Even until now, the colonial mentality developed through the American educational system endures in the minds of Filipinos in believing that all things local are inferior and worthless, and that all things American or imported are good. According to Constantino, this kind of mentality among colonial subjects also deprives Filipinos of the opportunity to evolve and strengthen their own indigenous democratic ideas and political institutions.

Going back to the Harper’s article by Thomas Frank, he asked what if Covey’s The 7 Habits make al-Qaeda prisoners in Guantanamo more attentive to managing their time better instead of embracing the American way of peaceful change? Then, as Frank said, the United States would have achieved the exact opposite of deradicalization—a cohort of highly effective Jihadists capable of more mischief.

Frank wrote of one Jihadist who was a self-described fan of The 7 Habits. He was referring to Osama Bin laden’s brother in law, the deceased businessman Mohammed Jamal Khalifa, who was credited for establishing the al-Qaeda branch in the Philippines.

Instead of enabling Guantanamo inmates to learn effectiveness, Frank suggested that perhaps, the better approach is to make them lazy and indulgent, by making them realize the uselessness of getting things done. Better to turn them into American-style consumers, not American-style executives, Frank added.

But can one really deprogram a Jihadist?

In 2007, the U.S. released Said Ali al-Shihri from Guantanamo for deradicalization in Saudi Arabia. Saudi authorities have consistently claimed that none of their program’s graduates have returned to terrorism in the five years since it was established.

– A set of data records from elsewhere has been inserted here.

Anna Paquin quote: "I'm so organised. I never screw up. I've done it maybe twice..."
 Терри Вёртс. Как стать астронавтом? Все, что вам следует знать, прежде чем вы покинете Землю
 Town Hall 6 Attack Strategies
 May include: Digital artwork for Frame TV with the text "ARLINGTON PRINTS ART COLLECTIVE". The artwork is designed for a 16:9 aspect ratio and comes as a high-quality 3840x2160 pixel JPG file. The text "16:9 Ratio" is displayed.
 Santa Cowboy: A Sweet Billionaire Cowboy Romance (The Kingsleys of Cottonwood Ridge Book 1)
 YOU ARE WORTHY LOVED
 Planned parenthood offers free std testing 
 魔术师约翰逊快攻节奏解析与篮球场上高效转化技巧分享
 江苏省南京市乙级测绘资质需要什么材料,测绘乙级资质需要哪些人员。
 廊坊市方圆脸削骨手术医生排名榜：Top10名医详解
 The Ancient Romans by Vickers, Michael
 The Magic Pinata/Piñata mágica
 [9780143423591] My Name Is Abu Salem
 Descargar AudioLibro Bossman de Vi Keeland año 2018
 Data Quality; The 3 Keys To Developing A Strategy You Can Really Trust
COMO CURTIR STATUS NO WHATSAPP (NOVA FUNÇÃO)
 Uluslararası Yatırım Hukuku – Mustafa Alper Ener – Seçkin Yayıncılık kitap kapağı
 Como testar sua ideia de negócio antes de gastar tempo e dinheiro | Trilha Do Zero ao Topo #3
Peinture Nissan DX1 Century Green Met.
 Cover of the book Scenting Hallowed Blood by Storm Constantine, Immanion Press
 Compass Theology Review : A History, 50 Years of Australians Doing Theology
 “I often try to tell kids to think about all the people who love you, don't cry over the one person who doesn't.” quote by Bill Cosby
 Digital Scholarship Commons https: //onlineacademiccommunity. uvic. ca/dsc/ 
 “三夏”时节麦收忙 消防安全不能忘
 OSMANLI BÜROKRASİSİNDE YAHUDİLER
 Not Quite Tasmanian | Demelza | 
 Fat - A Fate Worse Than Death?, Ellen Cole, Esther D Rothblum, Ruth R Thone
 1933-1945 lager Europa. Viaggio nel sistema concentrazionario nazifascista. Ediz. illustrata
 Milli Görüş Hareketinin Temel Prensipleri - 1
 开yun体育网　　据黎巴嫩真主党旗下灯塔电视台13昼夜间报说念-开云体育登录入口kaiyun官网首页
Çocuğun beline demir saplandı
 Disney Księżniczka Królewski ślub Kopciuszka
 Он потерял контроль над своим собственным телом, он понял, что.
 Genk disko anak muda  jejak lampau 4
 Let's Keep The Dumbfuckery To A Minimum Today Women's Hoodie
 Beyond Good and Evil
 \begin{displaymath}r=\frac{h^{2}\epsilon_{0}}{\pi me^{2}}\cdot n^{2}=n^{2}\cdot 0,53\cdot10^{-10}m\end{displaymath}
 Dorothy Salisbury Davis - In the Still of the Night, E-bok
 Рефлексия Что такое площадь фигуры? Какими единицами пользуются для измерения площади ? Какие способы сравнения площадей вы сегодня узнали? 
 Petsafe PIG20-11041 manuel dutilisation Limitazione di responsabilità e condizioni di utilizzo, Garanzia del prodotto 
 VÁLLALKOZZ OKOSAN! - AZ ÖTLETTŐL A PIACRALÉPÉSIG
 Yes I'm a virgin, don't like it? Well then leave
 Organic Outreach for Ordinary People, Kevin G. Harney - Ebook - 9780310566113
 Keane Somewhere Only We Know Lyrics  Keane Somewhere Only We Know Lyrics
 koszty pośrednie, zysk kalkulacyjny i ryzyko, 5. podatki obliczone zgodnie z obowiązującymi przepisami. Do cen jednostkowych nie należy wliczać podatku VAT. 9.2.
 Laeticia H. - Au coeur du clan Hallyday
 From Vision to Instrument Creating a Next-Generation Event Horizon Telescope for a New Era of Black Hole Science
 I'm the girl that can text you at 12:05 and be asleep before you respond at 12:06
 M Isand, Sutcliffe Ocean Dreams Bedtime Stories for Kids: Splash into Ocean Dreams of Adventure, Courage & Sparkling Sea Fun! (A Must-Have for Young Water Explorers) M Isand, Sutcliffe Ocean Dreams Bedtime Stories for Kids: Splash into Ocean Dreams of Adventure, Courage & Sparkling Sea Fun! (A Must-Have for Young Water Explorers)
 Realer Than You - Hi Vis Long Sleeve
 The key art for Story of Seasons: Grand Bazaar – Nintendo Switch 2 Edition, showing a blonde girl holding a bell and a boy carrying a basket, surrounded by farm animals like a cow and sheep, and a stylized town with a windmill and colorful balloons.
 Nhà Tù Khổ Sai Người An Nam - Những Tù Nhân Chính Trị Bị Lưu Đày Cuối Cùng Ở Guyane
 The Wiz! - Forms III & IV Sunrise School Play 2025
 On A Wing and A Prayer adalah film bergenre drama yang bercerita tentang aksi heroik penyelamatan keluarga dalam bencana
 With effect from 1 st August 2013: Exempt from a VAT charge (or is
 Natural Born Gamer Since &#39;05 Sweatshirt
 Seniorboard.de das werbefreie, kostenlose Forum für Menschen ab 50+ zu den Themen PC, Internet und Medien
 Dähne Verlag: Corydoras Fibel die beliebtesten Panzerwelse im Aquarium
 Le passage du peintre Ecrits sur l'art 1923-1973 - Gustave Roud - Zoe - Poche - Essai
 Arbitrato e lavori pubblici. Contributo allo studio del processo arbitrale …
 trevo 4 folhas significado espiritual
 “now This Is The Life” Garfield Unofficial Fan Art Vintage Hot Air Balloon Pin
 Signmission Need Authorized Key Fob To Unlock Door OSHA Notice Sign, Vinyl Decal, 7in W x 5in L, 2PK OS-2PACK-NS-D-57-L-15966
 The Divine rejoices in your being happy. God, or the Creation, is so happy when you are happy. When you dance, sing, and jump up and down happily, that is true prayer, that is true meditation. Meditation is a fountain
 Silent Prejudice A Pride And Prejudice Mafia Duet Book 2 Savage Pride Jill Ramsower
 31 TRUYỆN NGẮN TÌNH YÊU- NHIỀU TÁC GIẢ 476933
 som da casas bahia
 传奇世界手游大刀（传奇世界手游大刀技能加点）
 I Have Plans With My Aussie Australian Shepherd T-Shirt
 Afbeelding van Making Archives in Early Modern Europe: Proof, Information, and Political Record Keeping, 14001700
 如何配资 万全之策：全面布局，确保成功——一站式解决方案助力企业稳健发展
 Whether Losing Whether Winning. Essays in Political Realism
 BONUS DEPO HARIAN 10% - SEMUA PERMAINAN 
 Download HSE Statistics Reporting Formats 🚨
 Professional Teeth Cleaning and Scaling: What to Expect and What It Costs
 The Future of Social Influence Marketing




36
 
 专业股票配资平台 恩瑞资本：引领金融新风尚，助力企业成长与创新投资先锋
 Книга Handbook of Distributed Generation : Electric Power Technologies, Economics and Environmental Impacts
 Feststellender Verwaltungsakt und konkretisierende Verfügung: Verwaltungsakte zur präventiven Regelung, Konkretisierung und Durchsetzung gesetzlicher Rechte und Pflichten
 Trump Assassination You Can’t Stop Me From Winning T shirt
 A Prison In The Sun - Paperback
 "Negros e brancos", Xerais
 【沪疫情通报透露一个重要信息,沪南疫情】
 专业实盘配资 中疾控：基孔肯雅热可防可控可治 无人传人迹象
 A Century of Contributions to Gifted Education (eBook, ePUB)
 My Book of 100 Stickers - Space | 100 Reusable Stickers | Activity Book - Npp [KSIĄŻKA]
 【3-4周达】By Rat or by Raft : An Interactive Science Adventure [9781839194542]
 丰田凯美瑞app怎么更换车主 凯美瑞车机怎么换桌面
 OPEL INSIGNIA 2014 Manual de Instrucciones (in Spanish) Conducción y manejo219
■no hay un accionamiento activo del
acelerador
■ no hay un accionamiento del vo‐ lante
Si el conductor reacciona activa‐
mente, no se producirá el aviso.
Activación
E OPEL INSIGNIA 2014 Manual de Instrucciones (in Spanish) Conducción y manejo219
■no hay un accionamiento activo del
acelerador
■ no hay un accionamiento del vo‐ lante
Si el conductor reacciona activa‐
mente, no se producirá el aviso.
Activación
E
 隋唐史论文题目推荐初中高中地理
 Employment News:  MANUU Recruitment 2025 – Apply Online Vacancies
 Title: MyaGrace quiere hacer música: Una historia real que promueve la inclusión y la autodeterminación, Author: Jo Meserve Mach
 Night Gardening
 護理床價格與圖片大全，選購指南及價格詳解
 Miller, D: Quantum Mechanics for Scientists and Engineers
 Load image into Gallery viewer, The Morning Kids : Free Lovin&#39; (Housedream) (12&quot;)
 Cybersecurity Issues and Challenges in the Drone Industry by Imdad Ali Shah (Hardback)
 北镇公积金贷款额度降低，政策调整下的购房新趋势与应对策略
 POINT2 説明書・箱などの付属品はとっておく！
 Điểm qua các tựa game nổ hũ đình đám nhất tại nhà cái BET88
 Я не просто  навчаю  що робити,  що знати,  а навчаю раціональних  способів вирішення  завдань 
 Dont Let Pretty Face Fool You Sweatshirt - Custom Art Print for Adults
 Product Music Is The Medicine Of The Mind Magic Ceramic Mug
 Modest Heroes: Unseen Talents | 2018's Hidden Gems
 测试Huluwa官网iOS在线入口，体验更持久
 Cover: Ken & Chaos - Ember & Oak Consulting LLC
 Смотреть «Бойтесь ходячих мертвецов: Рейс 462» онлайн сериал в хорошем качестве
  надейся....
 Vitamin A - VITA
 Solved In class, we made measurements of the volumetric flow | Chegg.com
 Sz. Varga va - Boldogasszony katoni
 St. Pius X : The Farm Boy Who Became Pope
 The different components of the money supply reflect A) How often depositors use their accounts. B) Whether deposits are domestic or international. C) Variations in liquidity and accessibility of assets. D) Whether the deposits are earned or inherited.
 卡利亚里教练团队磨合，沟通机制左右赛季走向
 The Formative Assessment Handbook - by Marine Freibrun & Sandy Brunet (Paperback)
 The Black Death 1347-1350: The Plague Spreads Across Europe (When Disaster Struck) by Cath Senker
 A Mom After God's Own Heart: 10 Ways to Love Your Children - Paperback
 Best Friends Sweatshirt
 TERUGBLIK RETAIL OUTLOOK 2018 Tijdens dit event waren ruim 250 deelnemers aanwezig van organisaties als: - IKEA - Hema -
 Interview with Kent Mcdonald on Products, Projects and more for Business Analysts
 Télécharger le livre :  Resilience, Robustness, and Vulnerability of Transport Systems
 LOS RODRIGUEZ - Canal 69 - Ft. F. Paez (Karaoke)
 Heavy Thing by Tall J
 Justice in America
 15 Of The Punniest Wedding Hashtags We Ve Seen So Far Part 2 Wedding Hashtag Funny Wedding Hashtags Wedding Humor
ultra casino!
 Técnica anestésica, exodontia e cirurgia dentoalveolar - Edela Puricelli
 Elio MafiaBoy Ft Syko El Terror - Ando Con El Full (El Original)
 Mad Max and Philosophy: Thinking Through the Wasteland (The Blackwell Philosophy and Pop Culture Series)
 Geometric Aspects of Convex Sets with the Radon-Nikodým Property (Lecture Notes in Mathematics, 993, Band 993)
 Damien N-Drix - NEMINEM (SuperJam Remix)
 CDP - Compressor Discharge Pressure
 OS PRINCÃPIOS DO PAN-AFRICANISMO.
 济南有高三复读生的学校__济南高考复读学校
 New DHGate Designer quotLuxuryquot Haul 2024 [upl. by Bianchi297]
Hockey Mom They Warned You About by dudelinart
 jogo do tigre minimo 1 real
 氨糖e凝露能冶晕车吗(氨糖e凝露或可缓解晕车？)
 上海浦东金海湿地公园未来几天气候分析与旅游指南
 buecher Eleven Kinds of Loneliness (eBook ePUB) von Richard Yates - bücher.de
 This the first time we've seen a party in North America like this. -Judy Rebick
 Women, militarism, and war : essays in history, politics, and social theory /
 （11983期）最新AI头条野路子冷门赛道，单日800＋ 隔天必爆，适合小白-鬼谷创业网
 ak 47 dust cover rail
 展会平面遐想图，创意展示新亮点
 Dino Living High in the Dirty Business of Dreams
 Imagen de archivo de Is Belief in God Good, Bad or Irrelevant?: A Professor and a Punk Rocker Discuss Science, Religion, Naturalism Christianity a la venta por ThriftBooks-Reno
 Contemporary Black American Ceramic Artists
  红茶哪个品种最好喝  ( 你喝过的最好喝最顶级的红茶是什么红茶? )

But al-Shihri emerged in 2009 as al-Qaeda’s deputy leader in Yemen, which raised serious questions on how the United States should deal with prisoners in Guantanamo and even of the much-trumpeted Saudi religious deradicalization.

Both the Saudi and American experience only illustrate the imperfect nature of the complex effort of deradicalization. Recidivism remains a concern and will continue to be a problem as more committed extremists participate in deradicalization. Without significant and genuine existential transformation in the fundamental roots of terrorism and similar violent acts—of how developed countries continue to keep countries of the Third World poor, oppressed and marginalized—threats of terrorism will continue to prosper and even those sent for deprogramming will always be attracted to go back to their old ways.

Muslim cleric promotes Jihad on Saudi television. Photo courtesy of Templar1307.
As long as the United States continues its military presence in the struggles for self-determination of other countries, national liberation movements will continue to resort to terrorism and violence to drive away foreign elements and corrupt governments. The absence of opportunities for people to participate in the process of governance—not just through free elections—in repressive authoritarian governments in the Middle East and in the rest of the world will also keep on spawning acts of terrorism.

Not even material inducements, such as those included in the Saudi rehabilitation process like giving thousands of dollars to pamper its graduates, or paying for weddings, furniture or a new Toyota will dramatically alter the mindset of committed extremists. This only shows how much easier it is to deprogram a bomb or a missile, but probably not enough to rewire the tortured mind of a terrorist.